Diskusi Budaya, Para Antropolog Bahas Masa Depan Aceh
BANDA ACEH - Asosiasi Antropologi Indonesia (AAI) Pengurus Daerah (Pengda) Aceh menggelar Diskusi Budaya bertajuk “Antropologi Untuk Menatap Masa Depan Aceh”. Kegiatan itu berlangsung, Jumat (15/4) di Kedai Barika Lambaro, Aceh Besar dengan menghadirkan narasumber Guru Besar Antropologi Universistas Gadjah Mada (UGM) Yogyakarta, Prof. Dr. Irwan Abdullah.
Ketua AAI Pengda Aceh, Dr. Bustami Abubakar, M.Hum mengatakan bahwa tujuan digelar Diskusi Budaya itu adalah untuk memikirkan dan mendiskusikan dinamika pembangunan kebudayaan Aceh masa kini sekaligus sebagai upaya memetakan strategi pembangunan kebudayaan Aceh di masa mendatang. Karena, itu pihaknya menggelar diskusi terbatas dengan mengundang para intelektual muda yang terhimpun dalam wadah AAI dan lembaga profesi lainnya.
Sementara, Prof. Irwan memulai paparannya dengan satu statemen yang menyentak Aceh adalah satu pilot studi yang sangat penting untuk diperbincangkan. Karena Aceh merupakan satu wilayah yang ditinjau dari segi sejarah dan kultural merupakan wilayah yang tidak pernah selesai dengan berbagai isu yang menerpanya.
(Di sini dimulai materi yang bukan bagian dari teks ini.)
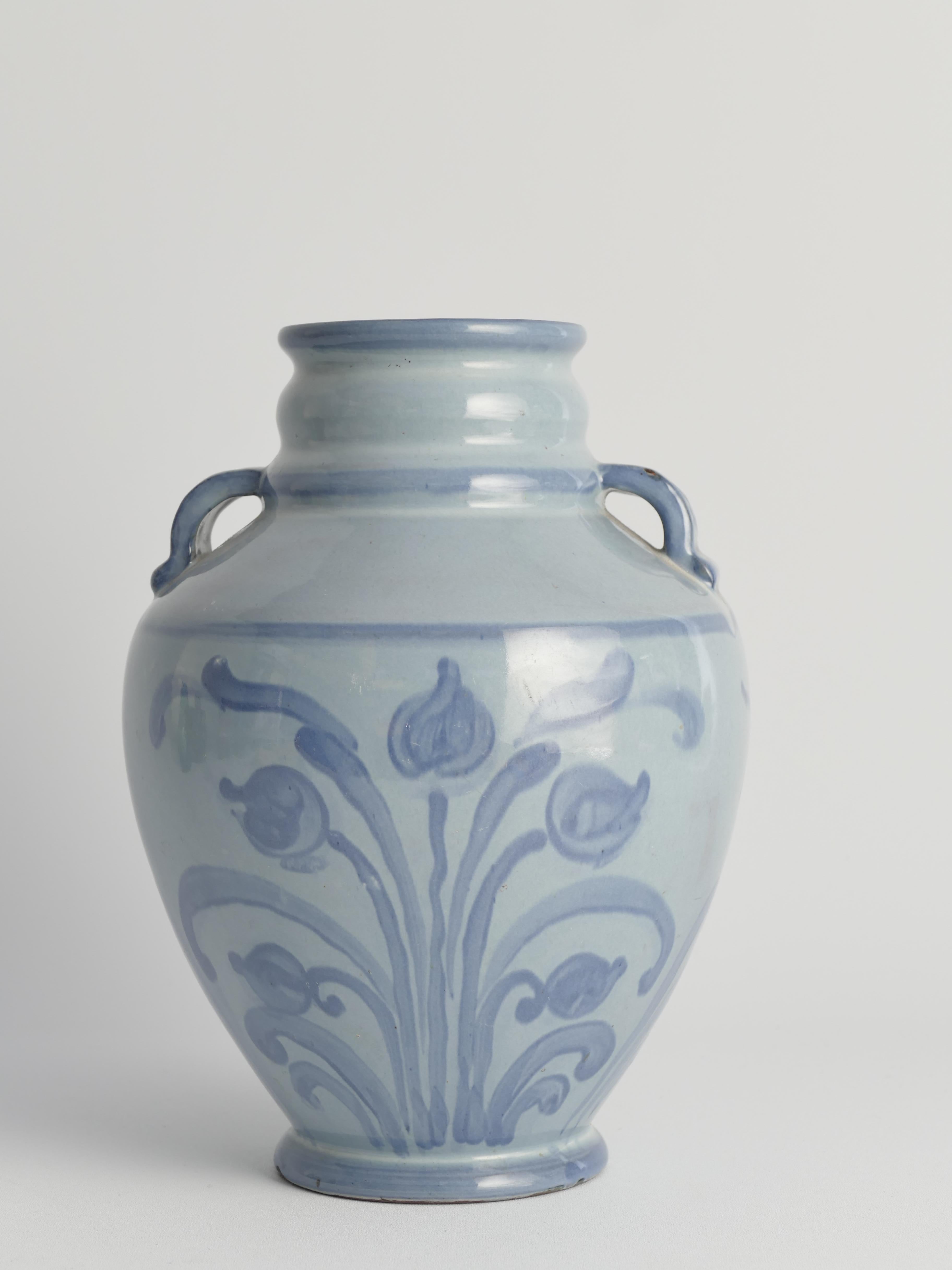 Art Nouveau French Blue Floral Motif Vase by Upsala Ekeby, Sweden 1930s For Sale 3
Karena itu, satu konsen saya yang tidak pernah berakhir tentang Aceh ini adalah bagaimana mendudukkan Aceh dalam konstalasi global sehingga Aceh menjadi satu kekuatan global yang diperhitungkan.
Menurut Prof. Irwan, hal itu bukanlah sebuah utopia atau sesuatu keinginan yang muluk. Sejarah Aceh telah membuktikan bahwa Aceh pernah menjadi pengekspor ragam komoditas ke berbagai negara di dunia.
“Namun sekarang, Aceh mengekspor apa?” ungkap Prof. Irwan, lelaki kelahiran Lhokseumawe ini.
Dalam konteks pembangunan masa kini, Prof. Irwan membandingkan Aceh dengan Sumatera Selatan (Sumsel). Menurutnya, penduduk Sumsel jauh lebih besar bahkan hampir dua kali lipat penduduk Aceh, namun anggaran pembangunan Aceh justeru hampir dua kali lipat lebih banyak dibandingkan Sumsel. Tapi, faktanya Sumsel lebih hidup dan berkembang, terutama jika ditinjau dari aspek ekonomi dan perkembangan global.
Ditambahkan Prof. Irwan, sesungguhnya Aceh memiliki civil society yang sangat kuat, tetapi kekuatan ini tidak bisa diaktivasi menjadi kekuatan aktual yang bisa membawa Aceh ke dalam satu tingkat peradaban yang maju. Hal ini dipicu oleh tiga faktor, sambung Prof. Irwan, pertama: sentimen primordialisme (primordialism sentiment). Ini ditandai dengan memudarnya identitas keacehan ketika berhadapan dengan sesama orang Aceh di wilayahnya sendiri. Identitas Aceh baru menguat saat orang Aceh berada di luar Aceh. Hal ini menyebabkan pembangunan tidak bisa dijalankan dengan baik, karena masyarakat Aceh masih terjebak dengan sentimen primordialisme yang sempit.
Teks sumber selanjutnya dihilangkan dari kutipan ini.